▶ WHAT THE TASK REQUIRES
Only the lines below starting at the one containing "Extra Gift Box" and ending at the one containing "Desenli Oversize Gömlek" belong in the answer, each copied exactly.
──────── INPUT
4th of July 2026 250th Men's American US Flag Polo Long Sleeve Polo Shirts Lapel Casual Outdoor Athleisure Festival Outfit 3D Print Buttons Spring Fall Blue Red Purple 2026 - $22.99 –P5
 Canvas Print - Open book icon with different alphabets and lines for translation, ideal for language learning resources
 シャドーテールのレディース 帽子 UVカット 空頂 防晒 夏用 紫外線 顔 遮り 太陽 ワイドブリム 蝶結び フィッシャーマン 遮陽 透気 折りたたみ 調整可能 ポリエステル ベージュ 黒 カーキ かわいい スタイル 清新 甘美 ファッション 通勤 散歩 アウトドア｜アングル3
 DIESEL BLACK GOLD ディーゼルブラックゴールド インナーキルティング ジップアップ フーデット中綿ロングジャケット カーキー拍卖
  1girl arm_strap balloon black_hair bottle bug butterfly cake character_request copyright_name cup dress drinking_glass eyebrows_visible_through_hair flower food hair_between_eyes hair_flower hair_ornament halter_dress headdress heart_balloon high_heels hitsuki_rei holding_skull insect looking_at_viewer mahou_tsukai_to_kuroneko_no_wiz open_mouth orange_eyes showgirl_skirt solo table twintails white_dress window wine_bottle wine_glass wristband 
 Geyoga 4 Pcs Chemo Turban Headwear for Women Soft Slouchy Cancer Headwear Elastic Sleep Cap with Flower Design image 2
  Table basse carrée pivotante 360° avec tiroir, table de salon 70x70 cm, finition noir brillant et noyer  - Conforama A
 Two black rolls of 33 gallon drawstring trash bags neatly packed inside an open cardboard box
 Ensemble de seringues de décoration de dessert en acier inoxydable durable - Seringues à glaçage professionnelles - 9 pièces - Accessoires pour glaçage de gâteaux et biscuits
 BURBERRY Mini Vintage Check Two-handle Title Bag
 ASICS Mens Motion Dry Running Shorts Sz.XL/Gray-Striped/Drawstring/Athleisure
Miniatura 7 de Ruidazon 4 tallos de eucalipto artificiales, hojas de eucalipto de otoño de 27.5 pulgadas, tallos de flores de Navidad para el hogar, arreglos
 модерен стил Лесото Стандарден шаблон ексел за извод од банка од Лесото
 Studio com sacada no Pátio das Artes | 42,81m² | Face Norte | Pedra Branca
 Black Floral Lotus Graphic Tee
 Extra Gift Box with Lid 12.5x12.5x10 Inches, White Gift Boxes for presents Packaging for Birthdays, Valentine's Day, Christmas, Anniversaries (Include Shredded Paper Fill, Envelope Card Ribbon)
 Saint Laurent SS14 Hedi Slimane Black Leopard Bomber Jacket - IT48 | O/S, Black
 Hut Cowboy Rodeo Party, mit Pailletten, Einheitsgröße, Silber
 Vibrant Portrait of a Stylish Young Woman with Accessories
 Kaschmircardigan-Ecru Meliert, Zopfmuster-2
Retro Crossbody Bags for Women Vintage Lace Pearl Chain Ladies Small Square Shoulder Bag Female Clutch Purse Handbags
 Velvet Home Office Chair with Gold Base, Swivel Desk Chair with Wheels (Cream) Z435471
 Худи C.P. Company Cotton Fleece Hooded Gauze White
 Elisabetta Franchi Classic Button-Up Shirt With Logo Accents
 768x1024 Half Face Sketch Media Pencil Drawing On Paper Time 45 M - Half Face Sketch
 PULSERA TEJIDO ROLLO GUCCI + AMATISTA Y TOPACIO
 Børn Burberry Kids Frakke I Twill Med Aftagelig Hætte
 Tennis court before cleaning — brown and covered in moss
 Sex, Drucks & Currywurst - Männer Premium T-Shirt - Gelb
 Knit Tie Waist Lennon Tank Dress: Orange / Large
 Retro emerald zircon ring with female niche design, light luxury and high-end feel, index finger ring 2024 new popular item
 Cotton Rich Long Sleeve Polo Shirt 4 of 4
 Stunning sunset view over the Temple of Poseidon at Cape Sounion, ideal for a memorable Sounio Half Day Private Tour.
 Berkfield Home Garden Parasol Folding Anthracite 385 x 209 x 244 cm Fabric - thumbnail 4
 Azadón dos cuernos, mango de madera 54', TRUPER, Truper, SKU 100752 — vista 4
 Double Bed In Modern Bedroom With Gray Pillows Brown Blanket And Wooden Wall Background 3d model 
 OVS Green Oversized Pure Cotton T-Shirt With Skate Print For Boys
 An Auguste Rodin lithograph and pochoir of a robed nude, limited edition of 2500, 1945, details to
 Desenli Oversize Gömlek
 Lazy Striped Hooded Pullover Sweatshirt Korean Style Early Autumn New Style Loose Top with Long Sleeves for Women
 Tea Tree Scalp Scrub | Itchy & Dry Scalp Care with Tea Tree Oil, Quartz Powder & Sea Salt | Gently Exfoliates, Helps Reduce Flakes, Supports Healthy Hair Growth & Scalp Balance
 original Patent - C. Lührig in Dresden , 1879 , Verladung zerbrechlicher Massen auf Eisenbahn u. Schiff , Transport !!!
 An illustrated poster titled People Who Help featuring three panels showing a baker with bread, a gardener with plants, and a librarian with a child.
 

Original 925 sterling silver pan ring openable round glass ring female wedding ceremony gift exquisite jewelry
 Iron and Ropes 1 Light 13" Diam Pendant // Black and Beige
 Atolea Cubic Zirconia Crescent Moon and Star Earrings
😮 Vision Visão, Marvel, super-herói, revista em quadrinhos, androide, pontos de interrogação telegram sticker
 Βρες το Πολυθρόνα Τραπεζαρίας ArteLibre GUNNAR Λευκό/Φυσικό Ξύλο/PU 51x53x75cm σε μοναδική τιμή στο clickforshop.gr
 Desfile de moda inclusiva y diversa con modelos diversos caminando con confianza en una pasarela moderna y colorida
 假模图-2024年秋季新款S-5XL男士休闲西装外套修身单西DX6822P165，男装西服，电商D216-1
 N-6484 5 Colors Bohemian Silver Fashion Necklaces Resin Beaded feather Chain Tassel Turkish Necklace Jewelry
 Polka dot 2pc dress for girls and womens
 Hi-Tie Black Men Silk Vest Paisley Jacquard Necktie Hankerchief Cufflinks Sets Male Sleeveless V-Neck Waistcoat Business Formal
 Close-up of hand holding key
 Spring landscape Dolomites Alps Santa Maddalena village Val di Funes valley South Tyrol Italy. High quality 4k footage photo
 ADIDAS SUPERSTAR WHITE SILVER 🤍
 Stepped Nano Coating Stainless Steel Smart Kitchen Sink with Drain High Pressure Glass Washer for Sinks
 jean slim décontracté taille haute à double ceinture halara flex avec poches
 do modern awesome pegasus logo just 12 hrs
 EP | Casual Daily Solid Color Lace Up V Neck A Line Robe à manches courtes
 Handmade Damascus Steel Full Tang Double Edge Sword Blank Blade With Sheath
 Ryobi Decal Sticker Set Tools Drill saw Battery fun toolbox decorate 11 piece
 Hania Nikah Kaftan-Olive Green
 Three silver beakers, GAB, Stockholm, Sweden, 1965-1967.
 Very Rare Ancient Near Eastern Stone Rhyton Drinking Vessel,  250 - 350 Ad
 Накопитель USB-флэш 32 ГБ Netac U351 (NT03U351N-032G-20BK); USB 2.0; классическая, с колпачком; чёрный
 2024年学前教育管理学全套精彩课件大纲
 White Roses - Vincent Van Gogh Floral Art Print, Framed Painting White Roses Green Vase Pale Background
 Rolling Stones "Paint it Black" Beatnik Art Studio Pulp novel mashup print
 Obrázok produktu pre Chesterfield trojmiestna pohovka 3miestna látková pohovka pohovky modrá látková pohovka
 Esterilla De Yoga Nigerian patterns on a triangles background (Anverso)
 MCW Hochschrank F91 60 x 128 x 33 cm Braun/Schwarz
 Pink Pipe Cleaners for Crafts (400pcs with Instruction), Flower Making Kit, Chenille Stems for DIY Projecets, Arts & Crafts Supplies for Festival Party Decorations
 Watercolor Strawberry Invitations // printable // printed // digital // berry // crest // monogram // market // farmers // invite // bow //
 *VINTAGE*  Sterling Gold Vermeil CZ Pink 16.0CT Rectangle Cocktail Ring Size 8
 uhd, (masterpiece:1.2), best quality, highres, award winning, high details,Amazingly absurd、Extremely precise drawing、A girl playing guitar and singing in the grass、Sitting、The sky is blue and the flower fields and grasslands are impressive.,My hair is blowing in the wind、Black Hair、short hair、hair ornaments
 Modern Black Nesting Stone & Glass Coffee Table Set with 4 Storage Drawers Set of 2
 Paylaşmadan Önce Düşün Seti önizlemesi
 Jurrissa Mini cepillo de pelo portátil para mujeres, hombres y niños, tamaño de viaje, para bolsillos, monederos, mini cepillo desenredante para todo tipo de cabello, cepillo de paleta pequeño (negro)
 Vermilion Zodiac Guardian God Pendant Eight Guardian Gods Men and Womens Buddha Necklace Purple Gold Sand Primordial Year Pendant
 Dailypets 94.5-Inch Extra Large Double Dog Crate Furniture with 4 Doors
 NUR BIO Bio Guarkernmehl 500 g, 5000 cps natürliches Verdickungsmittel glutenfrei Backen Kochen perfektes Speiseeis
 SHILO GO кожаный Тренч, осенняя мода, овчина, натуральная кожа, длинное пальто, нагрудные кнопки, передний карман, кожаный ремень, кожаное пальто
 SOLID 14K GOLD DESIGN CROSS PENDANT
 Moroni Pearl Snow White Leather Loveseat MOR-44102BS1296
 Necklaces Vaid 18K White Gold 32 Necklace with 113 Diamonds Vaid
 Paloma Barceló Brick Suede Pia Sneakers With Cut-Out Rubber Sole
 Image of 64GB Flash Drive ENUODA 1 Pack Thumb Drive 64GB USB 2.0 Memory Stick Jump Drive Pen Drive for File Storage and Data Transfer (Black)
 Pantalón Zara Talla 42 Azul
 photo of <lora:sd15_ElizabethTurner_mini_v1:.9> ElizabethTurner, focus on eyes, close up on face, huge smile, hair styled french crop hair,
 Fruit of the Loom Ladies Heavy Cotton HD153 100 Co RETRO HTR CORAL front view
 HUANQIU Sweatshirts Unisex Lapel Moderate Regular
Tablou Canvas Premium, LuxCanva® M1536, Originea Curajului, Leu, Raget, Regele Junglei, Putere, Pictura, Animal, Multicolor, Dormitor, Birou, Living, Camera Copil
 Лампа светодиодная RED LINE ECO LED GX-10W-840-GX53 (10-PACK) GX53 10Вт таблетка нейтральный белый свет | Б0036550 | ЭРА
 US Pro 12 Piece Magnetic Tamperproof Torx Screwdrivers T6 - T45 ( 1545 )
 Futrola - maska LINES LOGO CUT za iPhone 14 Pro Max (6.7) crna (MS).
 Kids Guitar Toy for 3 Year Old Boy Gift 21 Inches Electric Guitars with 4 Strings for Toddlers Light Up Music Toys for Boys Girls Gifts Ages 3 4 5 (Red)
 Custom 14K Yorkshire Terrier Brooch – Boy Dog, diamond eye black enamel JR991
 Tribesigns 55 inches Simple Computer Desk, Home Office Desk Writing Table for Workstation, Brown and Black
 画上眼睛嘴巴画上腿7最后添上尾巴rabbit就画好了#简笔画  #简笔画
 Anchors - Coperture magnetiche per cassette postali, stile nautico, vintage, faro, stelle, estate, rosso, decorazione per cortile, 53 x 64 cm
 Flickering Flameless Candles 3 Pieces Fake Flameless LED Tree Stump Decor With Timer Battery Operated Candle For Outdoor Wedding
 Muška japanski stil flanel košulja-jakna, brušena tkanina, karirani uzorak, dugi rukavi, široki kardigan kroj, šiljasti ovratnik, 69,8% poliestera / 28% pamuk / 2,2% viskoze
────────────────
▶ REPLY TO THE EXERCISE
 Extra Gift Box with Lid 12.5x12.5x10 Inches, White Gift Boxes for presents Packaging for Birthdays, Valentine's Day, Christmas, Anniversaries (Include Shredded Paper Fill, Envelope Card Ribbon)
 Saint Laurent SS14 Hedi Slimane Black Leopard Bomber Jacket - IT48 | O/S, Black
 Hut Cowboy Rodeo Party, mit Pailletten, Einheitsgröße, Silber
 Vibrant Portrait of a Stylish Young Woman with Accessories
 Kaschmircardigan-Ecru Meliert, Zopfmuster-2
Retro Crossbody Bags for Women Vintage Lace Pearl Chain Ladies Small Square Shoulder Bag Female Clutch Purse Handbags
 Velvet Home Office Chair with Gold Base, Swivel Desk Chair with Wheels (Cream) Z435471
 Худи C.P. Company Cotton Fleece Hooded Gauze White
 Elisabetta Franchi Classic Button-Up Shirt With Logo Accents
 768x1024 Half Face Sketch Media Pencil Drawing On Paper Time 45 M - Half Face Sketch
 PULSERA TEJIDO ROLLO GUCCI + AMATISTA Y TOPACIO
 Børn Burberry Kids Frakke I Twill Med Aftagelig Hætte
 Tennis court before cleaning — brown and covered in moss
 Sex, Drucks & Currywurst - Männer Premium T-Shirt - Gelb
 Knit Tie Waist Lennon Tank Dress: Orange / Large
 Retro emerald zircon ring with female niche design, light luxury and high-end feel, index finger ring 2024 new popular item
 Cotton Rich Long Sleeve Polo Shirt 4 of 4
 Stunning sunset view over the Temple of Poseidon at Cape Sounion, ideal for a memorable Sounio Half Day Private Tour.
 Berkfield Home Garden Parasol Folding Anthracite 385 x 209 x 244 cm Fabric - thumbnail 4
 Azadón dos cuernos, mango de madera 54', TRUPER, Truper, SKU 100752 — vista 4
 Double Bed In Modern Bedroom With Gray Pillows Brown Blanket And Wooden Wall Background 3d model 
 OVS Green Oversized Pure Cotton T-Shirt With Skate Print For Boys
 An Auguste Rodin lithograph and pochoir of a robed nude, limited edition of 2500, 1945, details to
 Desenli Oversize Gömlek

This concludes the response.